YOUR INSTRUCTIONS: Copy nothing before the line that contains "5.11 택티컬 ABR"; from there, transcribe each line exactly through the end of the material, omitting pictures.

EXERCISE DATA:
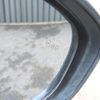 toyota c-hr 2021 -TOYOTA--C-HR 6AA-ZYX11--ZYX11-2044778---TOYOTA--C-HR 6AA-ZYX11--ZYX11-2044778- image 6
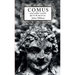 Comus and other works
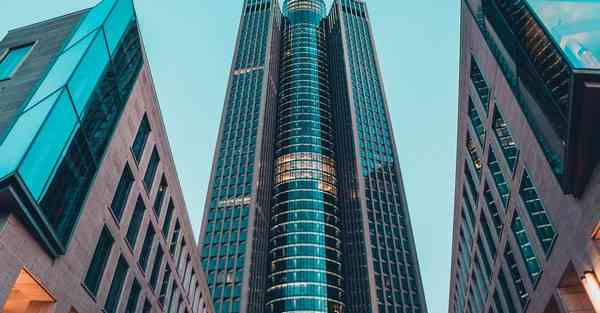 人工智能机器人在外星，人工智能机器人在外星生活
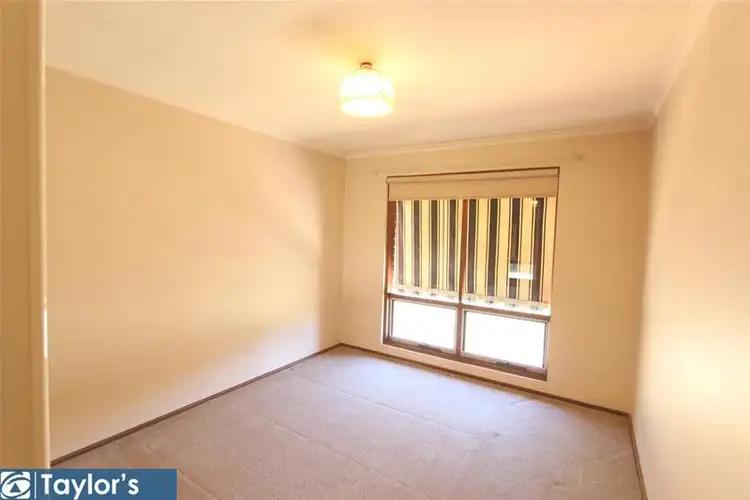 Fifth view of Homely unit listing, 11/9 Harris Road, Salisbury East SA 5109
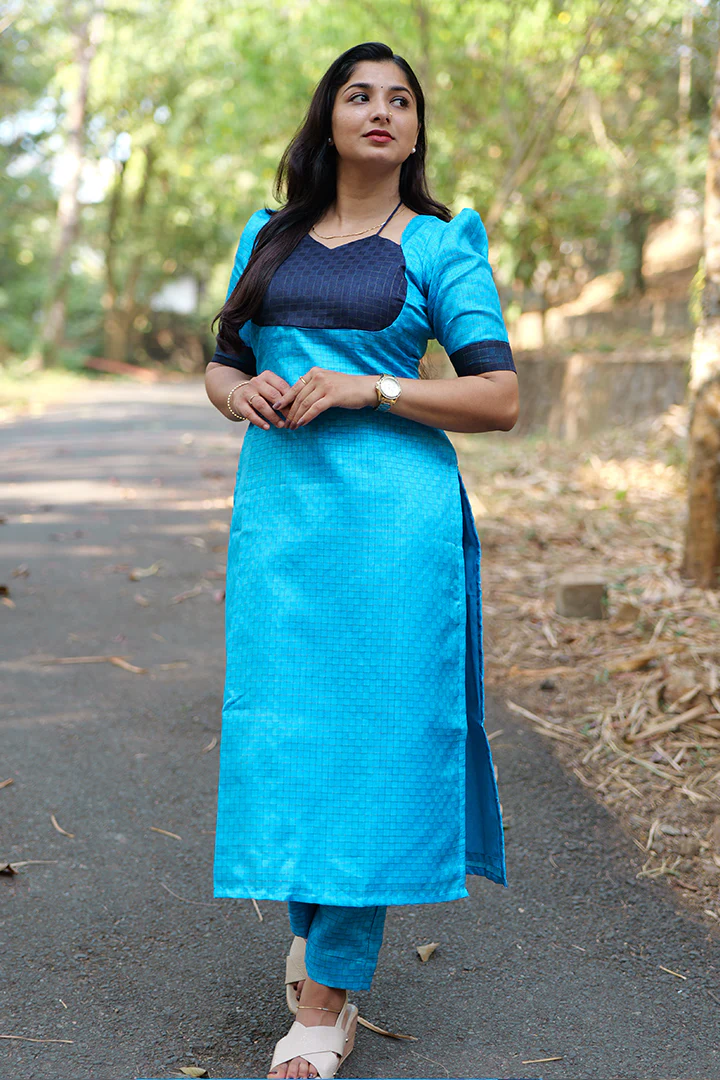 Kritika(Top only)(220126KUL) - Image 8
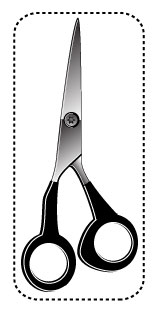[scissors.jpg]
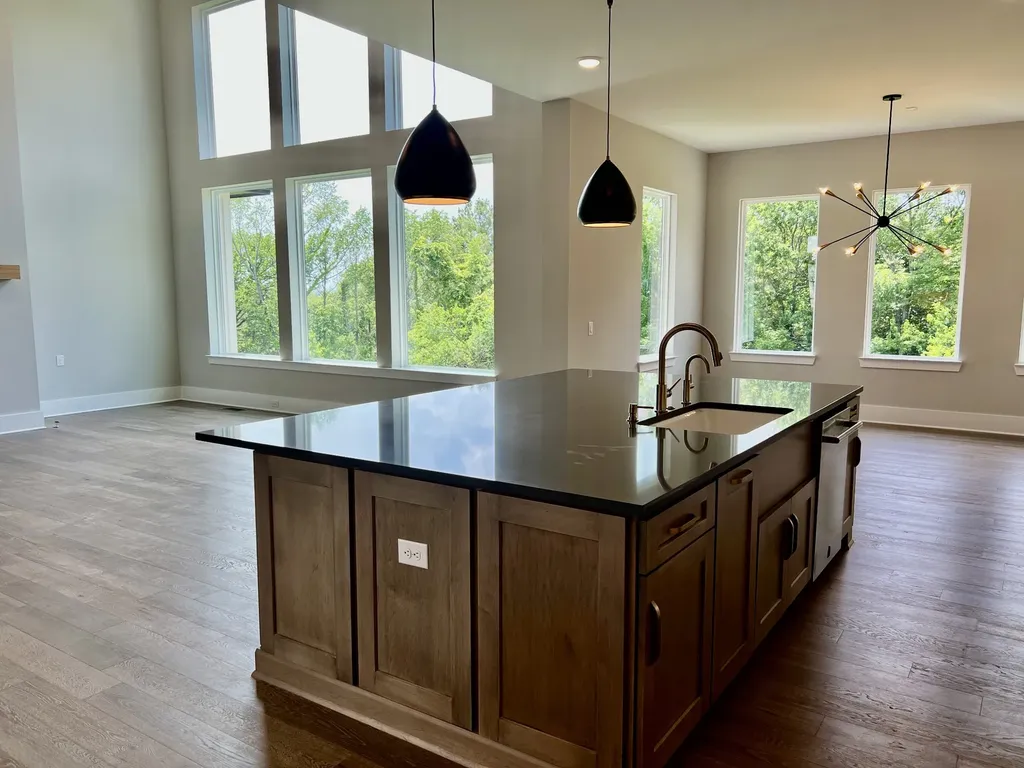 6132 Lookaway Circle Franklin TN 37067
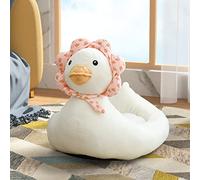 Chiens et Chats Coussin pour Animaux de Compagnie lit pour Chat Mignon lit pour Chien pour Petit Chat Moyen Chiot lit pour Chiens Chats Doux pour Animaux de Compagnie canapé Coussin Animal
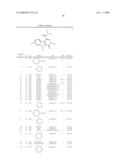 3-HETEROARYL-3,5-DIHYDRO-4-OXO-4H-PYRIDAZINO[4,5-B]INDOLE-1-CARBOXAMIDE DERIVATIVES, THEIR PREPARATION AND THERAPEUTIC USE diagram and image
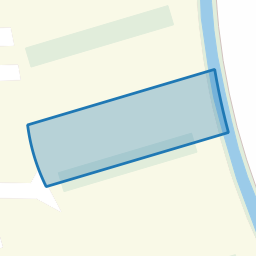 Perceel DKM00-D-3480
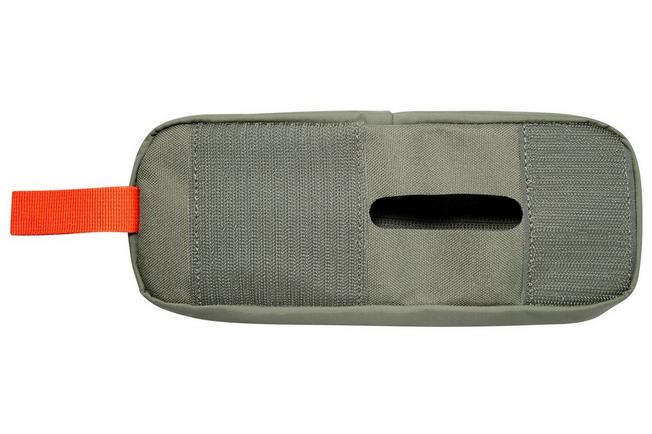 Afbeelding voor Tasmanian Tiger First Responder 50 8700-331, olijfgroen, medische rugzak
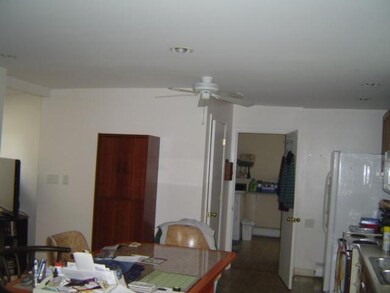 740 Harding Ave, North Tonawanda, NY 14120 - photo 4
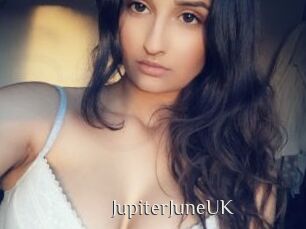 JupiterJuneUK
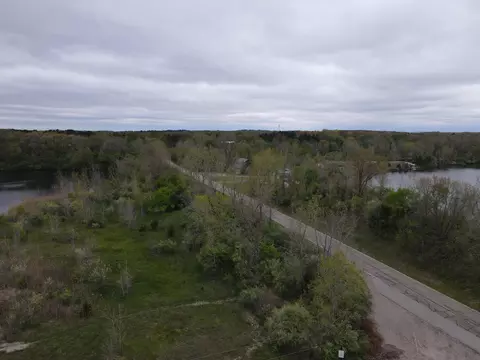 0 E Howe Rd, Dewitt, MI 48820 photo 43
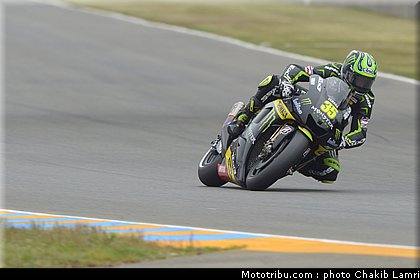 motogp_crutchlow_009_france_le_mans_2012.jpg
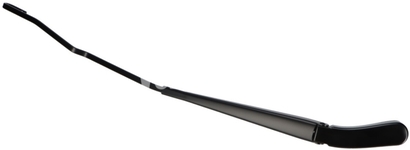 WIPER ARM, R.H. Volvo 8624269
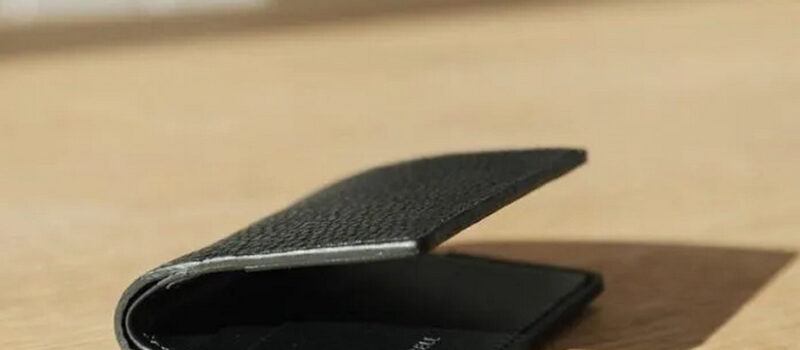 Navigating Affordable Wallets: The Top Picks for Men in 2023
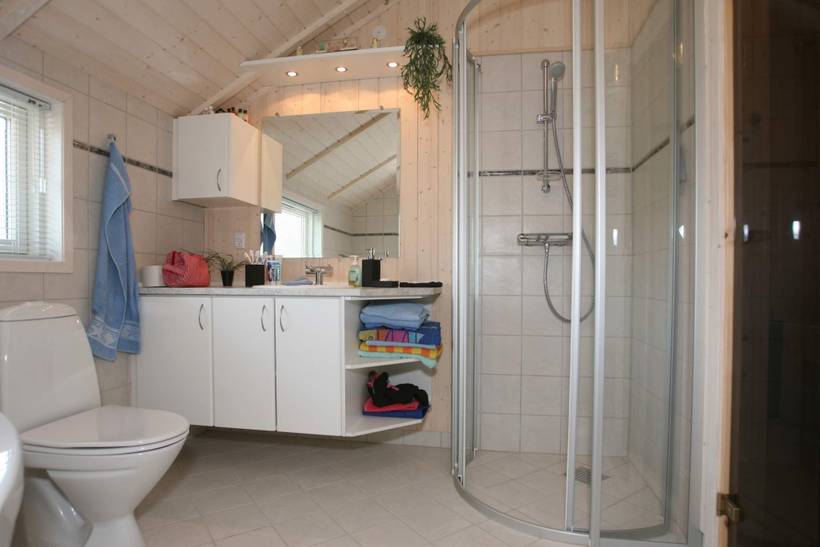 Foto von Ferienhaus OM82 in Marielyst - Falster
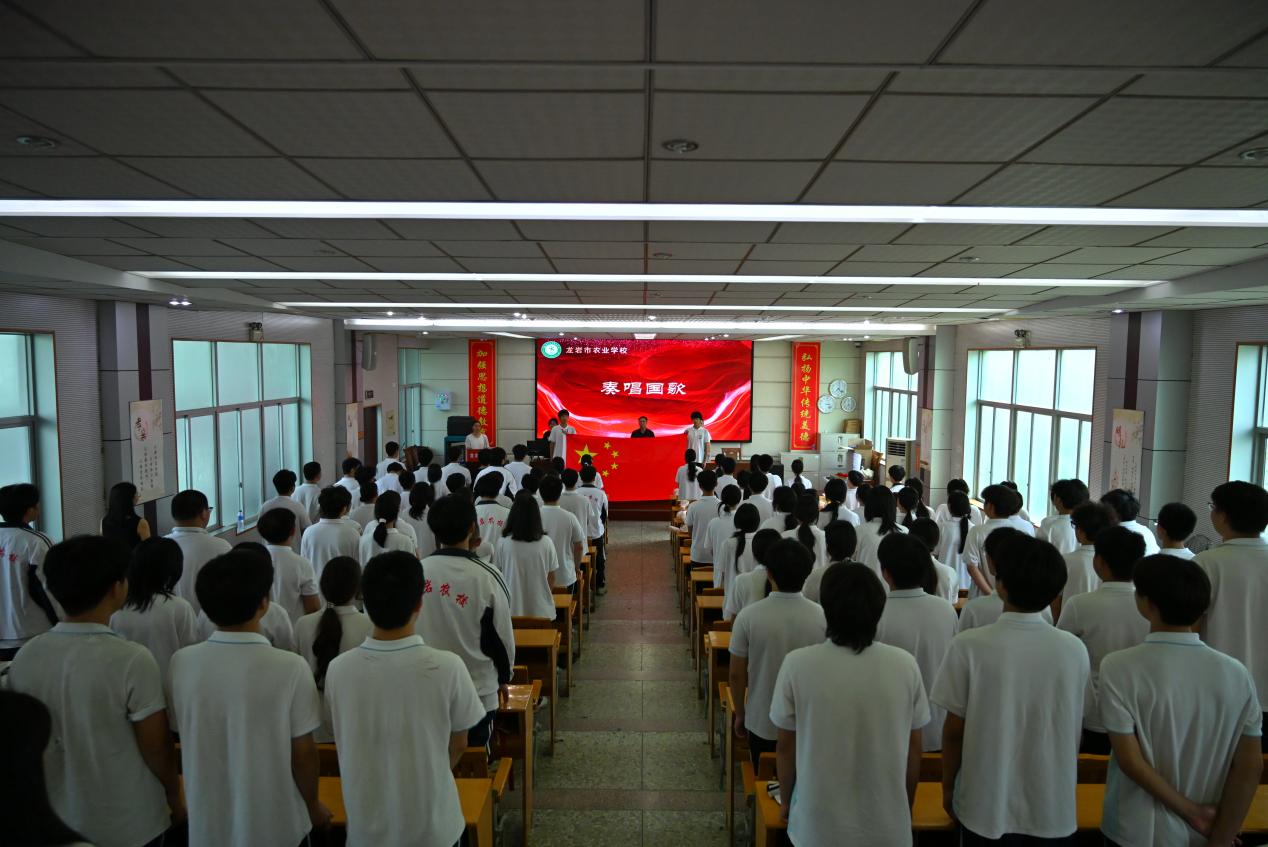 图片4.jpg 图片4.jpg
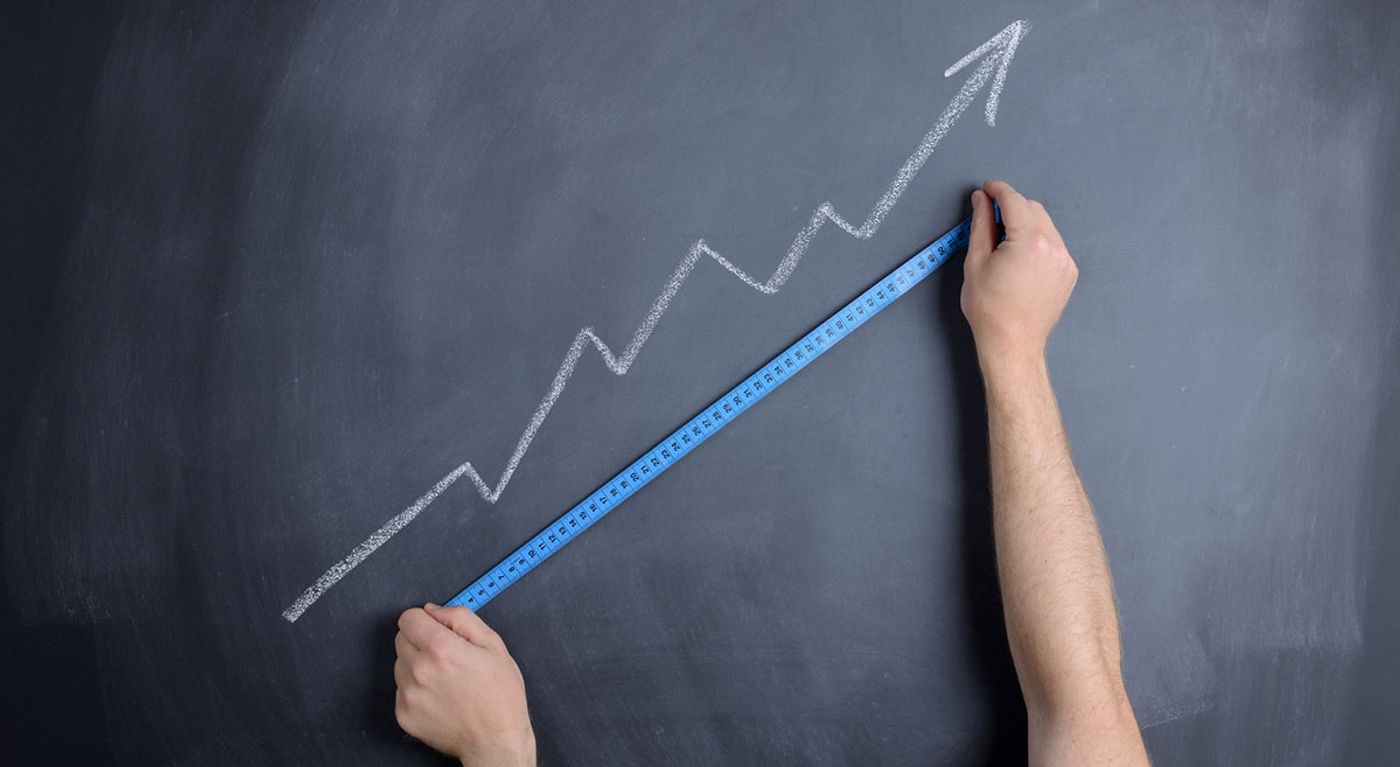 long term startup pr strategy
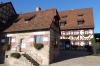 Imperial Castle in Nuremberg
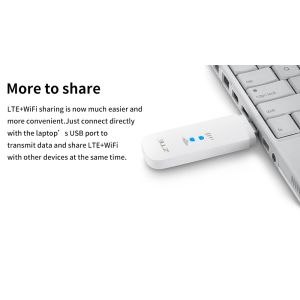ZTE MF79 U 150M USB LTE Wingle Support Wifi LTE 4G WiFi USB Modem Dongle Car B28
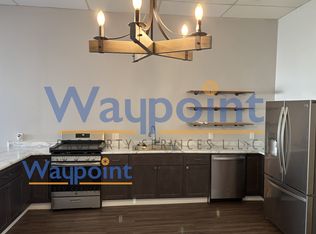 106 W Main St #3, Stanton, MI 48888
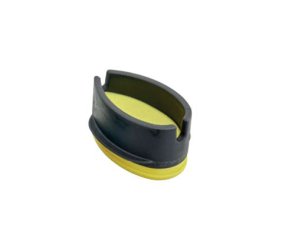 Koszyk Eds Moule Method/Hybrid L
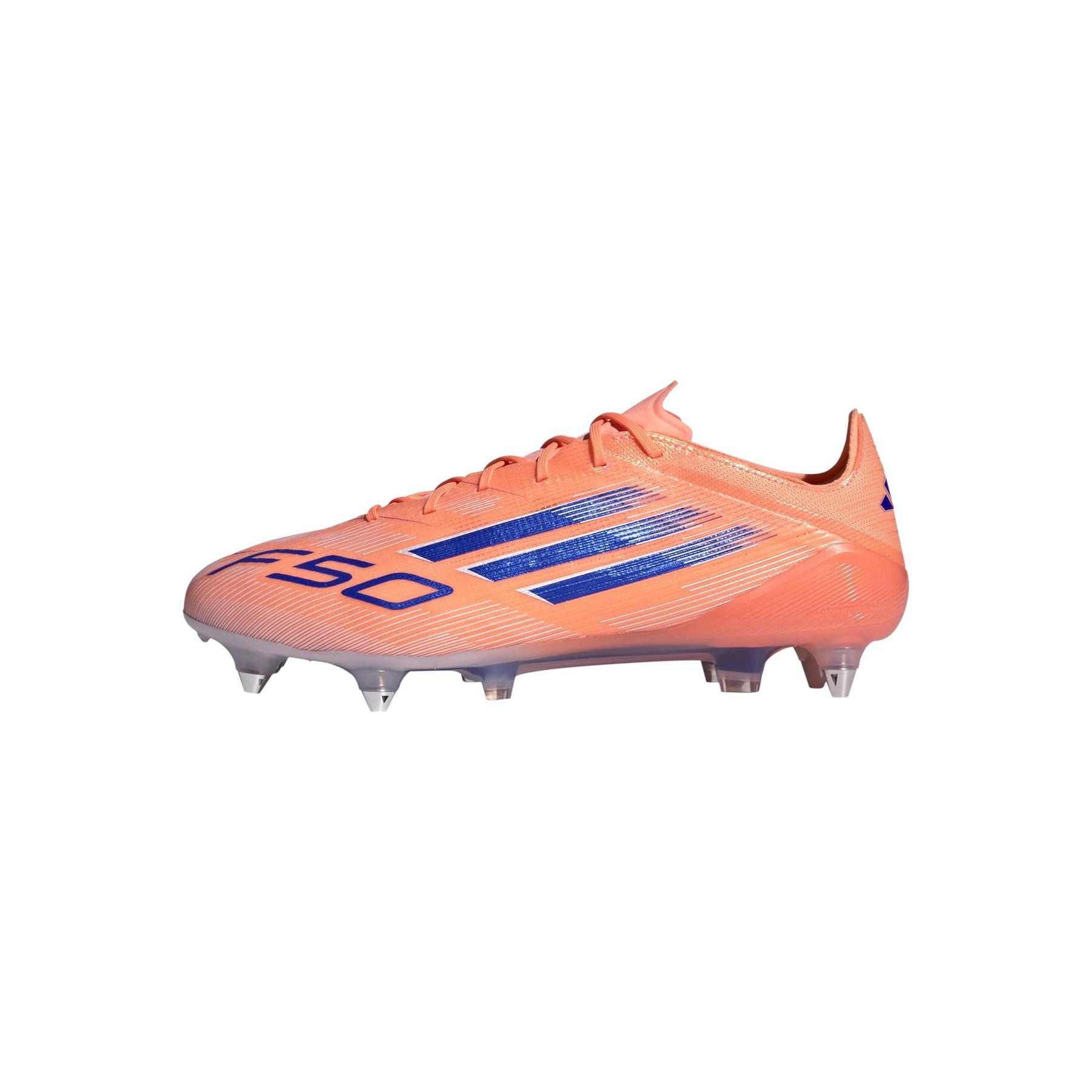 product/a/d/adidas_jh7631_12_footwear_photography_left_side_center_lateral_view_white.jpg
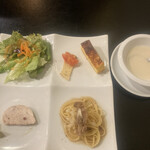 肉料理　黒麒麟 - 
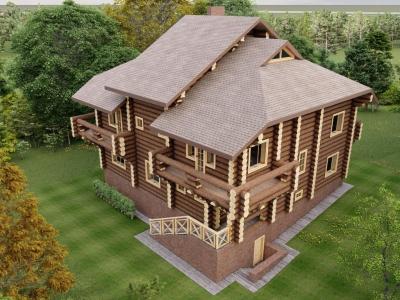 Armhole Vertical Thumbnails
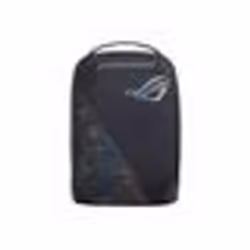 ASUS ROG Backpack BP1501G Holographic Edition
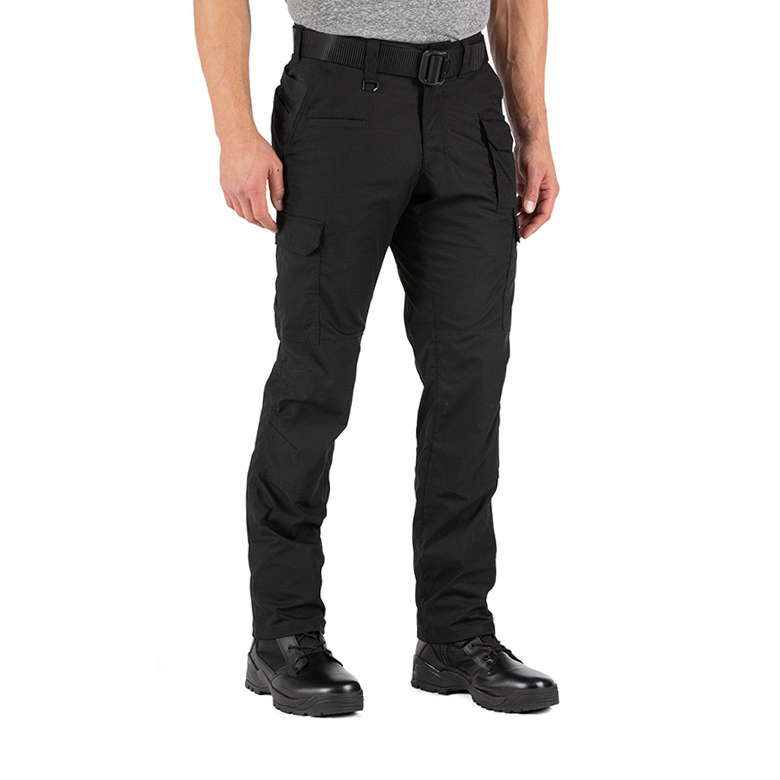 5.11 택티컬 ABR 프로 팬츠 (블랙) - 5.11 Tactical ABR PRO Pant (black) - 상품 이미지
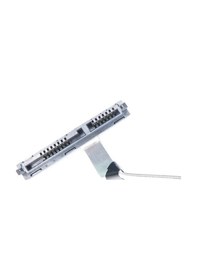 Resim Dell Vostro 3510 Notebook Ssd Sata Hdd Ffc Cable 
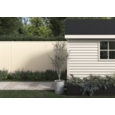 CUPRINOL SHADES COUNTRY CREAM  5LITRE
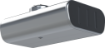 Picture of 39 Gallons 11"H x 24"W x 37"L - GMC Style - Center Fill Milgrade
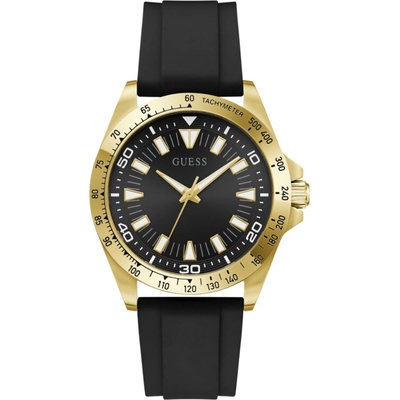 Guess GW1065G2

OUTPUT FOR THIS EXERCISE:
 5.11 택티컬 ABR 프로 팬츠 (블랙) - 5.11 Tactical ABR PRO Pant (black) - 상품 이미지
 Resim Dell Vostro 3510 Notebook Ssd Sata Hdd Ffc Cable 
 CUPRINOL SHADES COUNTRY CREAM  5LITRE
 Picture of 39 Gallons 11"H x 24"W x 37"L - GMC Style - Center Fill Milgrade
 Guess GW1065G2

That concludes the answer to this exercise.